Output, without alteration, the first line of the entries and each line after it, stopping with the line that contains "BMW iX 2024, 14800".
═════ EXERCISE MATERIAL









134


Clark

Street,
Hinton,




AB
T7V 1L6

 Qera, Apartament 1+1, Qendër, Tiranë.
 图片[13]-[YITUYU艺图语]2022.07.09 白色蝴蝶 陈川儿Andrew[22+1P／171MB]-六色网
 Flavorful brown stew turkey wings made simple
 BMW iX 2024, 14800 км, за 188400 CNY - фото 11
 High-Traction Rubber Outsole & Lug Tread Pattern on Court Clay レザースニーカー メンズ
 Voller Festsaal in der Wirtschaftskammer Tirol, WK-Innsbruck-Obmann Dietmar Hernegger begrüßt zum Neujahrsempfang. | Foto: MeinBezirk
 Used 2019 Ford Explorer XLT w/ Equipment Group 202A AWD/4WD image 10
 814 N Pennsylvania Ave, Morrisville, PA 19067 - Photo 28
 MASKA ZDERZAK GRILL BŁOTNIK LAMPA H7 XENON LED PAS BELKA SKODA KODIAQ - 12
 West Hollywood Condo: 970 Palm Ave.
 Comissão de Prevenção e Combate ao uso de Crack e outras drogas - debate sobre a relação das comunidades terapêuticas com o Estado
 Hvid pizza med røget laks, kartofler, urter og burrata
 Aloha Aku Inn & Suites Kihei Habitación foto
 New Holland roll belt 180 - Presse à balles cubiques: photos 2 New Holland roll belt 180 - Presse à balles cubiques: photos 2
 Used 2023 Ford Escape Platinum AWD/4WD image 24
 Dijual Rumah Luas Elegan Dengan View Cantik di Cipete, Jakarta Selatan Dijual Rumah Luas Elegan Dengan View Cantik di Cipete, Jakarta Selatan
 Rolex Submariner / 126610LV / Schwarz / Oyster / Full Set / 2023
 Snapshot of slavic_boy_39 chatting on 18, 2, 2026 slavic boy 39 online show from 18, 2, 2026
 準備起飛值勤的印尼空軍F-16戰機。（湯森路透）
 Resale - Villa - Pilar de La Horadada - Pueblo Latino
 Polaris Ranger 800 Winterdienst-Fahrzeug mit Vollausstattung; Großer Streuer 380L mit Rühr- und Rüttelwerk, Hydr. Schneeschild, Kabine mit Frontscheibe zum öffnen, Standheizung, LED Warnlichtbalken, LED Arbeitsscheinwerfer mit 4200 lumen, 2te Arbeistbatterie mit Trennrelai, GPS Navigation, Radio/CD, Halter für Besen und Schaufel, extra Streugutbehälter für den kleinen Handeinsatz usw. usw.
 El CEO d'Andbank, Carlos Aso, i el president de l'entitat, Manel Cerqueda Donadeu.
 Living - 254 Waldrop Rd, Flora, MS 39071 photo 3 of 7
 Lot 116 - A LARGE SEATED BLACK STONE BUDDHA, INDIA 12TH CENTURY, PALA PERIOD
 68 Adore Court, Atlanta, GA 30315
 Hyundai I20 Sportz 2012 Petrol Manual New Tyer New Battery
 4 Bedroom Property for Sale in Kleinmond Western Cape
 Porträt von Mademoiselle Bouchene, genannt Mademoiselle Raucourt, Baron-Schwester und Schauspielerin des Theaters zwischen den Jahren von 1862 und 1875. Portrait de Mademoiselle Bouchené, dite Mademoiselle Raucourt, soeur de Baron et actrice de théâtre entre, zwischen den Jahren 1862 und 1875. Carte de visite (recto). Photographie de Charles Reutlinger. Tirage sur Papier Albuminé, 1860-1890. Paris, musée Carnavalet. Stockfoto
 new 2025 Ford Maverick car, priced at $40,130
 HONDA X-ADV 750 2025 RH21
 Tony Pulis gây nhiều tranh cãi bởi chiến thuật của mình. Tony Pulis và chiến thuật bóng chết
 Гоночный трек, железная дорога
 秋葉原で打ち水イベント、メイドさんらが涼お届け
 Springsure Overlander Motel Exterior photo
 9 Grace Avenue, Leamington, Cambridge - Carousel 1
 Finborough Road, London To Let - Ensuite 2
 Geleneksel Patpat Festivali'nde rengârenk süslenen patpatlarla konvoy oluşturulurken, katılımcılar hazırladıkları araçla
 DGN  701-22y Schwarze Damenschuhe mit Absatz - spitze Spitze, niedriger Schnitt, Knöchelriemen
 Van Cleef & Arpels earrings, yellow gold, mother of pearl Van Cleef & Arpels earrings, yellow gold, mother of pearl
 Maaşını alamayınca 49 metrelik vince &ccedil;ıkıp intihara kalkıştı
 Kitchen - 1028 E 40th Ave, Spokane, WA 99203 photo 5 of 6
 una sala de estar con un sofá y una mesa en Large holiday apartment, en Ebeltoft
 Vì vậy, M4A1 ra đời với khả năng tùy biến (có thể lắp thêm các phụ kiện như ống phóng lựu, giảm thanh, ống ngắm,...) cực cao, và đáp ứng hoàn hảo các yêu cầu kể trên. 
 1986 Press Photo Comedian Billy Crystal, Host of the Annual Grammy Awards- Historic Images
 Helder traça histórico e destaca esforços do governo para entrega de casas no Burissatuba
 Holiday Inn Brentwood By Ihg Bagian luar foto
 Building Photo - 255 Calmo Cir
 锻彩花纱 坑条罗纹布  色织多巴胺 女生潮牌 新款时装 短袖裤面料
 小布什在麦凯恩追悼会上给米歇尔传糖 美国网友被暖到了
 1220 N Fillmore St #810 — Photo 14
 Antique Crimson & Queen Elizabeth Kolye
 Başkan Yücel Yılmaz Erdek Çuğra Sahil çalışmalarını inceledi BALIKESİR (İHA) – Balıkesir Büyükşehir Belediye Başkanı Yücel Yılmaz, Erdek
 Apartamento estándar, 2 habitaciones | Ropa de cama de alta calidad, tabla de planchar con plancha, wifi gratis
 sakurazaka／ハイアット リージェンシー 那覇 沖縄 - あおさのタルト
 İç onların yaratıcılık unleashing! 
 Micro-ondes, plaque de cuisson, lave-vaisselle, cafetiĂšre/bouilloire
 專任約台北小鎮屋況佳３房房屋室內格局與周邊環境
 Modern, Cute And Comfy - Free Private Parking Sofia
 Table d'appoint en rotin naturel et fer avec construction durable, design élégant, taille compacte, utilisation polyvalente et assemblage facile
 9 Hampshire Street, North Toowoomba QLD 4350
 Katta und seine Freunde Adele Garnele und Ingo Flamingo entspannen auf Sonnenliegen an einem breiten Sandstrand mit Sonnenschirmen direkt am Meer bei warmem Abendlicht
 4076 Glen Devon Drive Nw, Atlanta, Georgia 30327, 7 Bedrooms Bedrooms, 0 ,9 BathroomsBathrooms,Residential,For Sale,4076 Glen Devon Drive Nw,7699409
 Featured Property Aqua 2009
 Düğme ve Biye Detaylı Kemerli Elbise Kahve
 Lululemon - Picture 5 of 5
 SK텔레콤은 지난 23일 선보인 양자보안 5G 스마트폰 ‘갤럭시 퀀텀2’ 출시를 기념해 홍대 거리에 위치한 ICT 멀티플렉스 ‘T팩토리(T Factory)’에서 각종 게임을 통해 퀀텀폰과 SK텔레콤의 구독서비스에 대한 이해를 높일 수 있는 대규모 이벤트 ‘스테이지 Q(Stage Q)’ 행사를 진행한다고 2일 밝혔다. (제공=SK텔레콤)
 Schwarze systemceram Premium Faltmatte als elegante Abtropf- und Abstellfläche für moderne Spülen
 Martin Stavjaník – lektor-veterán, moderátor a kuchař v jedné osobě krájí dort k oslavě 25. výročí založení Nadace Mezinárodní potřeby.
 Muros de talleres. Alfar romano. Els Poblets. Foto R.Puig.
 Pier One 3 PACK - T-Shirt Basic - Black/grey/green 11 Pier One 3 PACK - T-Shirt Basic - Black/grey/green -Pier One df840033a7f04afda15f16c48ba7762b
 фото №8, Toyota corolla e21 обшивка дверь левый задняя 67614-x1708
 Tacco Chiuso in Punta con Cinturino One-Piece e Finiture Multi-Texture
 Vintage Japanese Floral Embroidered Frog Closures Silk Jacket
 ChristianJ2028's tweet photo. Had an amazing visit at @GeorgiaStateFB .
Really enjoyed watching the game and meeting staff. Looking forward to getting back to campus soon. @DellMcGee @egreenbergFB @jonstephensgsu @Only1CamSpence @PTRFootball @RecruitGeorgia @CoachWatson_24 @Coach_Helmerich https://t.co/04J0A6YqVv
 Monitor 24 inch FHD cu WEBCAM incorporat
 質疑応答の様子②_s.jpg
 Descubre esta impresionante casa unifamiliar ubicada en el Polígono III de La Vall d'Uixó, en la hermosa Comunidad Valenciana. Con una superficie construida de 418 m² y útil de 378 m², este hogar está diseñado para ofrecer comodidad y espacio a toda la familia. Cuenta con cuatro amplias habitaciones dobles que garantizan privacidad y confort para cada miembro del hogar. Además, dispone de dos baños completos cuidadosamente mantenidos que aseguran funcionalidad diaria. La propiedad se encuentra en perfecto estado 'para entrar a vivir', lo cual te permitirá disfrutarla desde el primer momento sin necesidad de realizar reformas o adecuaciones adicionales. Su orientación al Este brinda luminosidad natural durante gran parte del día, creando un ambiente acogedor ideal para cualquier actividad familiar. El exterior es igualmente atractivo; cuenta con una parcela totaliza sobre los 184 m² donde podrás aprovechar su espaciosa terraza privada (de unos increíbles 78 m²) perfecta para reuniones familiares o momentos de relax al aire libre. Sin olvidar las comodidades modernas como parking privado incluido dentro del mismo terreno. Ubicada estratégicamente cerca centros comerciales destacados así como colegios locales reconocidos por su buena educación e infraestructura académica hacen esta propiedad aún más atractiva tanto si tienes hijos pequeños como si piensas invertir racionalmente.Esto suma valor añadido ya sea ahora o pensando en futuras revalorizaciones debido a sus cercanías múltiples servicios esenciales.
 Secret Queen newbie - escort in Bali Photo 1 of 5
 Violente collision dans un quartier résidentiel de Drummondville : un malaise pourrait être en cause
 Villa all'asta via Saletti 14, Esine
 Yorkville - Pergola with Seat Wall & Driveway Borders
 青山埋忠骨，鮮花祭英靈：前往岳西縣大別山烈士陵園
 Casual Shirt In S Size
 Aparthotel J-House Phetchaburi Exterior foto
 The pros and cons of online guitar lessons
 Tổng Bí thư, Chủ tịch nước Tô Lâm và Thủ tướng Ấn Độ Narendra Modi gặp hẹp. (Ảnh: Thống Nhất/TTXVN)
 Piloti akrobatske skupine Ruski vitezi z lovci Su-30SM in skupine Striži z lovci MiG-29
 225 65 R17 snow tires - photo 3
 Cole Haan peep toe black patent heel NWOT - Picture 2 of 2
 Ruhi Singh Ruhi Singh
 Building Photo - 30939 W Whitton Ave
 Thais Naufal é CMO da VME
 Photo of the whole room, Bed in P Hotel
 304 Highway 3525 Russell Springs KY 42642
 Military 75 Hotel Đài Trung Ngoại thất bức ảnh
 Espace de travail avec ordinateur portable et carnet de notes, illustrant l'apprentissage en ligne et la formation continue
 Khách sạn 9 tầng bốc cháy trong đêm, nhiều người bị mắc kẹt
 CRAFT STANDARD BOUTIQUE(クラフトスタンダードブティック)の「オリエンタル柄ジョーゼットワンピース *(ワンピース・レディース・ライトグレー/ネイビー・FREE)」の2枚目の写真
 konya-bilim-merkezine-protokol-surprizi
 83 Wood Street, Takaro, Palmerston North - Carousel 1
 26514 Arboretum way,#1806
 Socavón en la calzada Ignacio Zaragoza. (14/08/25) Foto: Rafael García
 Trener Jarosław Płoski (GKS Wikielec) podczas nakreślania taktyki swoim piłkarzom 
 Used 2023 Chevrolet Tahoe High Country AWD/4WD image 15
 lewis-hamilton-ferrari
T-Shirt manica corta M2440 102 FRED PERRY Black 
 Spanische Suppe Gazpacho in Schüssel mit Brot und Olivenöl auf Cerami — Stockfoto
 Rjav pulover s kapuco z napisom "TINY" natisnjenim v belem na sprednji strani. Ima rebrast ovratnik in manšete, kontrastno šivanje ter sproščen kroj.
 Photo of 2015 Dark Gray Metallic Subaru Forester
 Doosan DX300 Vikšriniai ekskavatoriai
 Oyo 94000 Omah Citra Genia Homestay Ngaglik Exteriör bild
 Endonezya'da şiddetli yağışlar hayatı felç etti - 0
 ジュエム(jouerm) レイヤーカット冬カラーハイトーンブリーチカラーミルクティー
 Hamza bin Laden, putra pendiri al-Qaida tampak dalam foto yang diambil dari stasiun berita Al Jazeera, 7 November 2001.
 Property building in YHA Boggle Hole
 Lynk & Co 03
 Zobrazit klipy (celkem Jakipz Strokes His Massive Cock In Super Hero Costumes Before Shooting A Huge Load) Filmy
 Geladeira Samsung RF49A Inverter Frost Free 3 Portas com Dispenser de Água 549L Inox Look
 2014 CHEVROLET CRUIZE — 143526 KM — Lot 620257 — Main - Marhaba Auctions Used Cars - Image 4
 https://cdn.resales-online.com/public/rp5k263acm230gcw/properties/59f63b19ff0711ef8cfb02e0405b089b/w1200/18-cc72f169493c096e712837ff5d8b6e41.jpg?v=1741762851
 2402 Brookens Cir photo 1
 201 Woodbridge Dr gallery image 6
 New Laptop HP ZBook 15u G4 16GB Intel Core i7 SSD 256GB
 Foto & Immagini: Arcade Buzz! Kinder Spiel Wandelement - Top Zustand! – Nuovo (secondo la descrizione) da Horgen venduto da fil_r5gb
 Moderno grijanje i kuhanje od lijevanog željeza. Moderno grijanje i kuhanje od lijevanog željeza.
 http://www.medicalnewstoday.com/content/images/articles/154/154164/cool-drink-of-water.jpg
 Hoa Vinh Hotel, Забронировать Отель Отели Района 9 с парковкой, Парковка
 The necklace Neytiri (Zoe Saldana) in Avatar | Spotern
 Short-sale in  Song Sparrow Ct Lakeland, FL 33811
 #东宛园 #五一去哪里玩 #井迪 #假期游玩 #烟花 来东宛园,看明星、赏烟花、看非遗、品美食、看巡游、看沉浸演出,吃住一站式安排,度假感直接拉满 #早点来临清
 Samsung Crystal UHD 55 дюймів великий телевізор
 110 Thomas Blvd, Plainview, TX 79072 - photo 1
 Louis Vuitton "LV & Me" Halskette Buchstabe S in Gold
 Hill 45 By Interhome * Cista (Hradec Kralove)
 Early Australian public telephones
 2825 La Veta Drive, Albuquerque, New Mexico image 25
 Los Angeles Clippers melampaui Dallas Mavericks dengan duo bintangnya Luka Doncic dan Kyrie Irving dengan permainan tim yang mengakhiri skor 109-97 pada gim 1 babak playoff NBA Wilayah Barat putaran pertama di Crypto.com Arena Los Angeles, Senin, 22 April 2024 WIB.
══════════
▶ THE ANSWER:
134


Clark

Street,
Hinton,




AB
T7V 1L6

 Qera, Apartament 1+1, Qendër, Tiranë.
 图片[13]-[YITUYU艺图语]2022.07.09 白色蝴蝶 陈川儿Andrew[22+1P／171MB]-六色网
 Flavorful brown stew turkey wings made simple
 BMW iX 2024, 14800 км, за 188400 CNY - фото 11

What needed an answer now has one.